Any form of generalization can be represented by a function on behavior which produces its results and yields actions based on them—I’m not following you here. Can you give me an example of a model of behavior that isn’t purely observational, in the sense that it can’t be represented as a function of the full history of actions and responses? Any model with such a representation is susceptible to a utility function that just checks whether each past action adhered to said function.
A purely observational model of behaviour is simply a list of actions that have actually been observed, and the histories of the universe that led to them. For example, with my trivial agent you could observe:
“With the history of the universe being just the list of states [A], it performed action b leading to state B. With the list being [AB] it performed action c leading to state C. With the list being [ABC] it performed action a leading to state A.”

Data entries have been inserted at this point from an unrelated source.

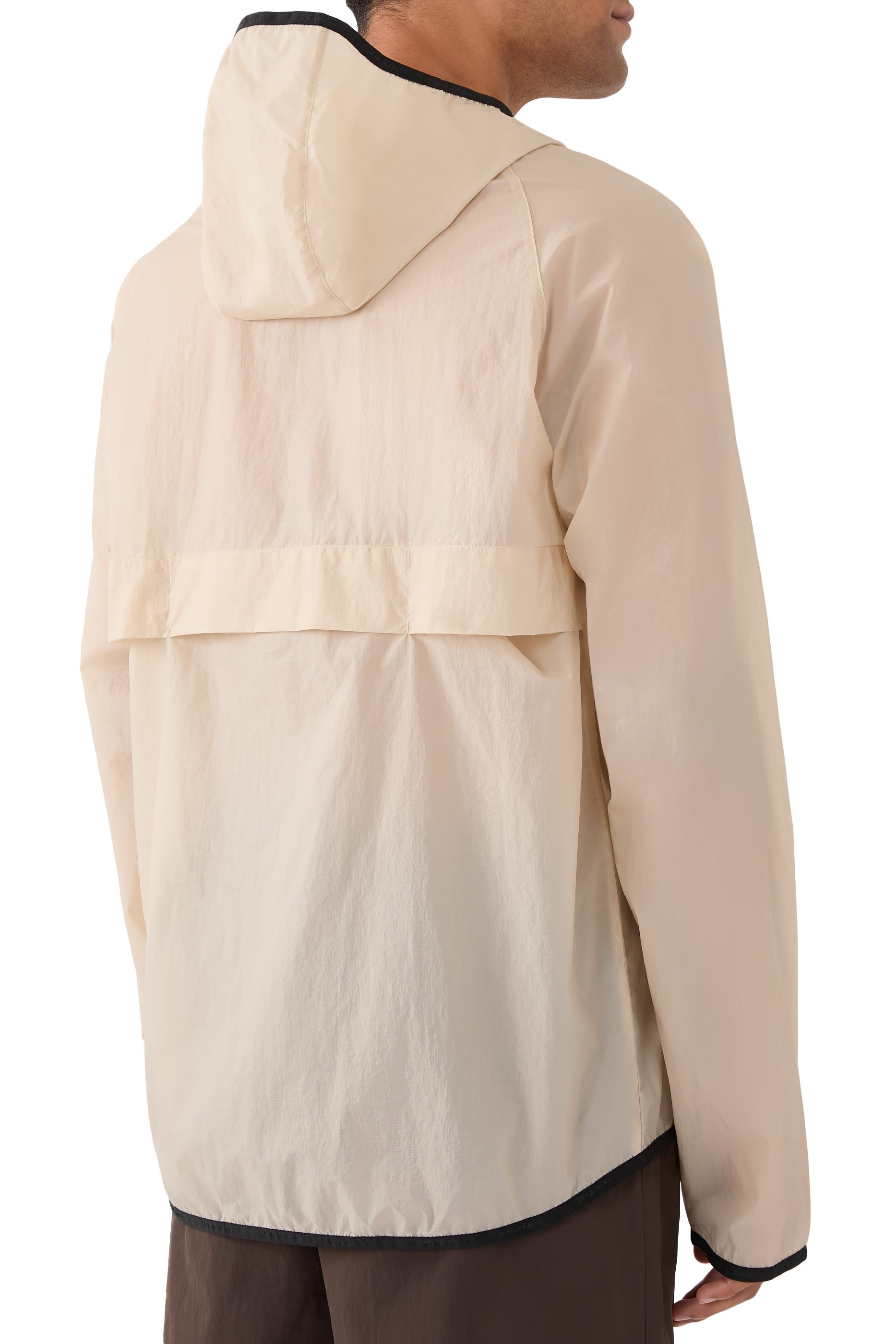 جاكيت دي دبليو ار مقاوم للرياح خفيف للغاية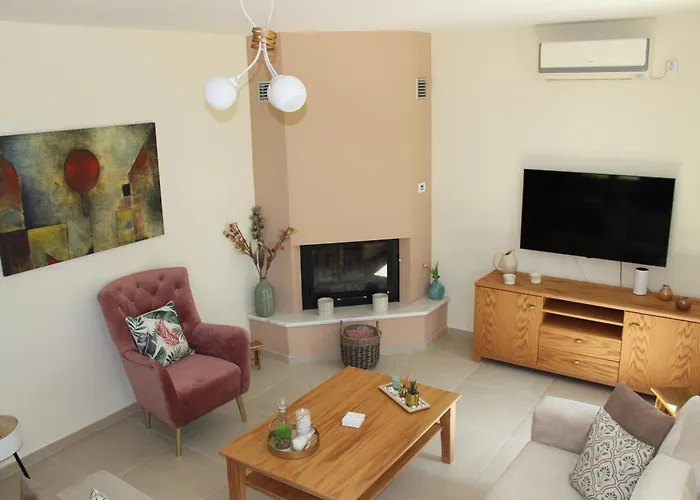 Eleni\'S Guest House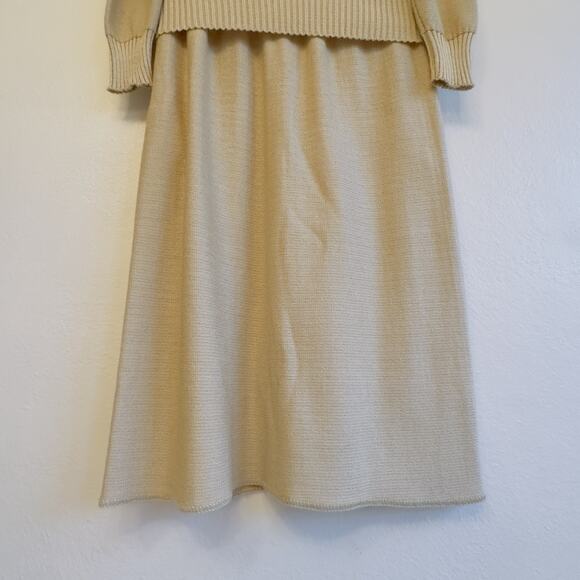 Vintage Vivanti Metallic Gold Knit Sweater Skirt Set Size 6 Festive Made in USA - Picture 5 of 12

From this model you can conclude that if the universe was somehow rewound, and placed into state A, that the agent would once again perform action a. This agent is deterministic.
From these observations you can fit any utility function with U(ABCA) > U(ABC) > U(AB) > U(A). But it’s useless, since the history of the universe now contains states ABCA and you can’t in fact roll back the universe. In particular, you have no idea whether U(ABCAB) > U(ABCAA) or not because your observations don’t tell you.

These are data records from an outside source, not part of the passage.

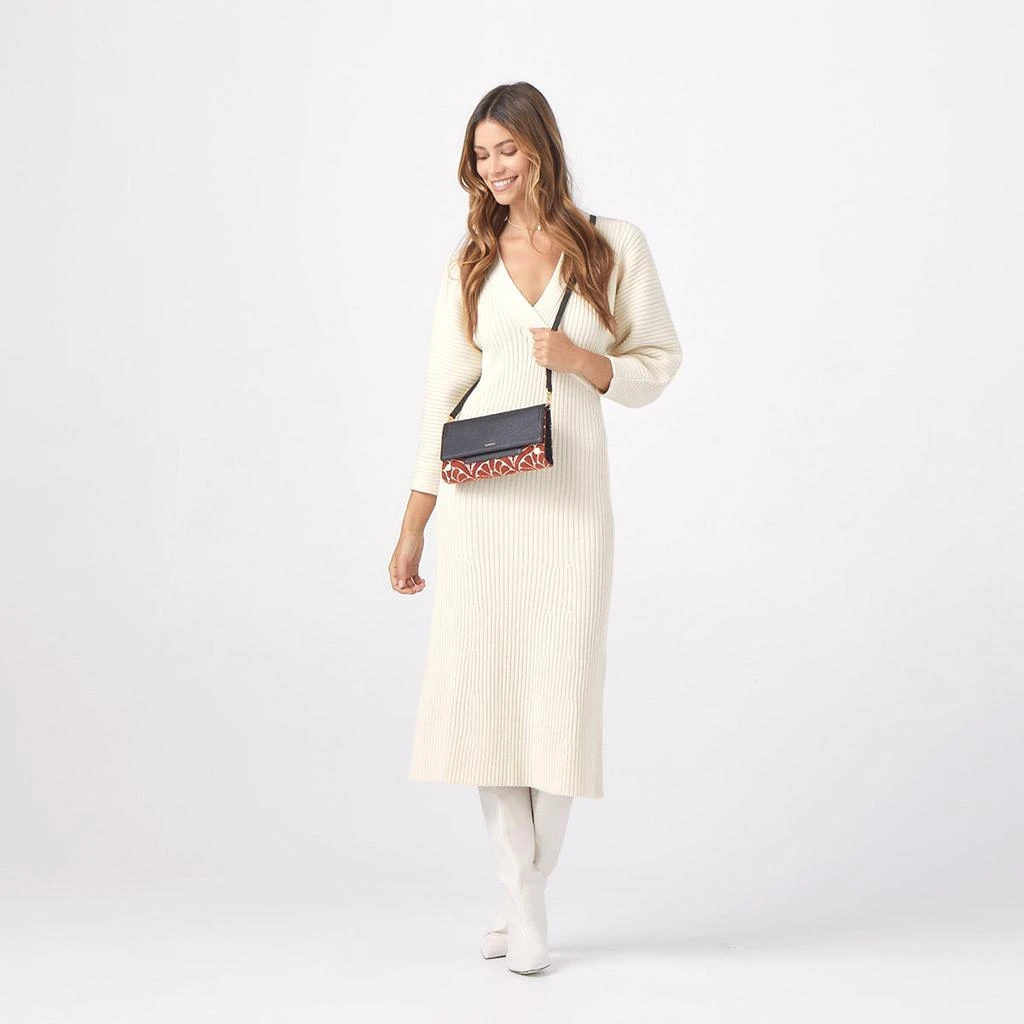 商品Hammitt Retiring Styles|AJ Crossbody Clutch | Texas Tapestry/Brushed Gold Hammered,价格¥1671,第3张图片详细描述
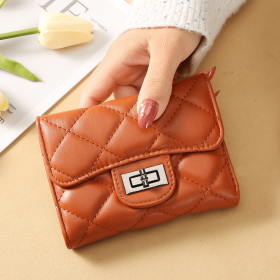 Turn Heads with This Stylish Argyle Quilted Short Wallet - Women's Mini PU Leather Coin Purse (Color: Brown, size: SIZE)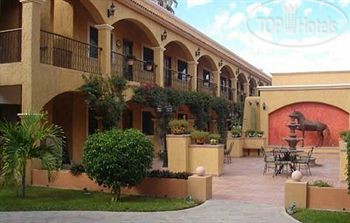 Фотографии отеля  Hacienda Suites Loreto 3*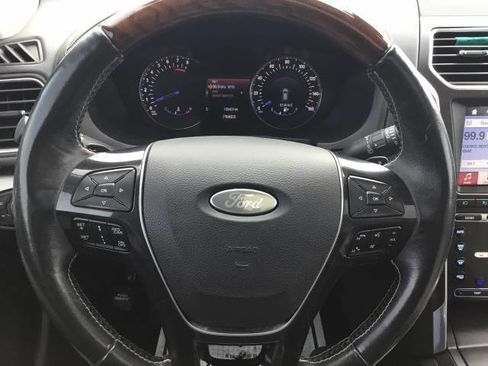 Used 2017 Ford Explorer Platinum image 15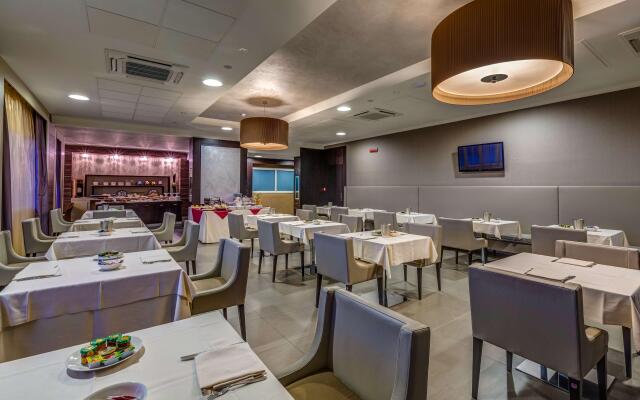 Best Western Plus Hotel Perla Del Porto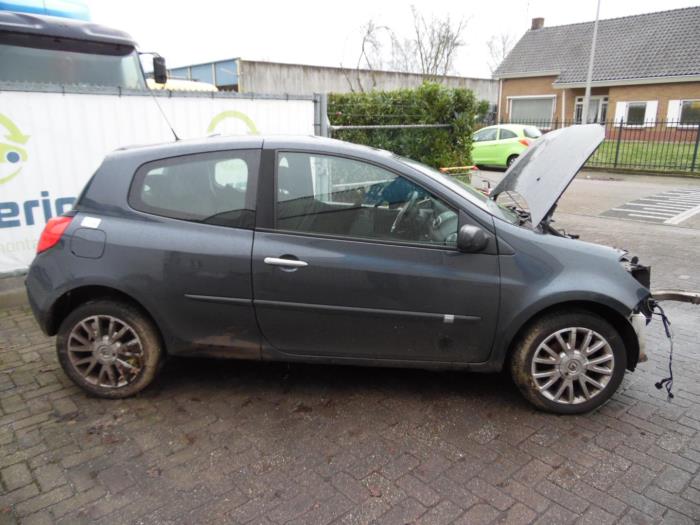 Renault Clio III 1.4 16V Sloopvoertuig (2005, Grijs)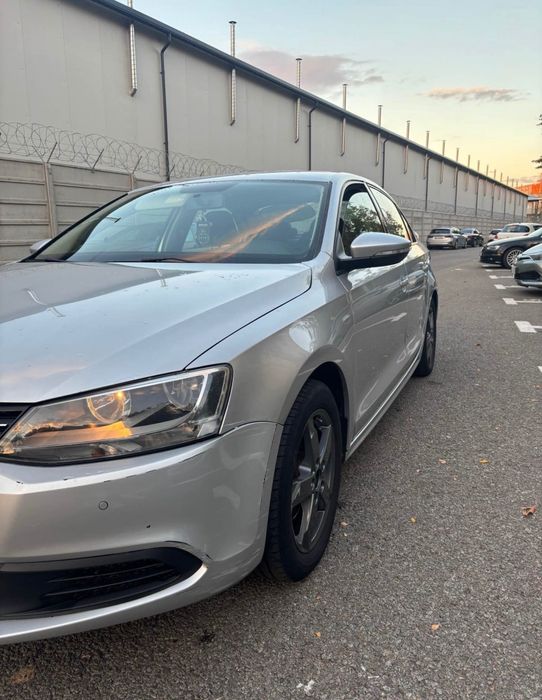 VOLKSWAGEN Jetta 0 — imagine 4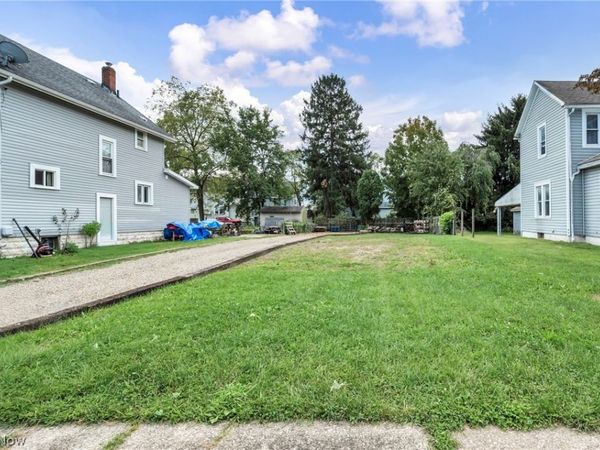 52 Norwood Street , Barberton, OH 44203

There are infinitely many behavioural rules that are not purely observational, but are compatible with the observations. Some of them allow predictions, some of them don’t. Independently of that, some of them are compatible with a utility function, some of them aren’t.
The rules I gave for my agent are not purely observational—they are the actual rules that the agent uses for its actions (in a simplified, quantized universe) and not just some finite set of observations. The behavioural model corresponding to those rules is incompatible with every utility function.
In that case, “purely observational” would describe an expectation for behavior and not the actual pattern of behavior. This is not at all what the conversion I described involves.
Remember: I’m allowing unlimited memory, taking into account the full history of inputs and outputs (i.e. environmental information received and agent response).
In your example, the history X might be (for example) A(ab)B(bc)C(ca)A, where (pq) is the action that happens to cause the environment to produce Q after P. In this case, the behavioral function B(X) would yield (ab).
Meanwhile, a suitable utility function U(X) would just need to prefer all sequences where each input A is followed by (ab), and so on, to those that where that doesn’t hold. In the case of complete information, as your scenario entails, the utility function could just prefer sequences where B follows A; regardless, this trivially generates the behavior.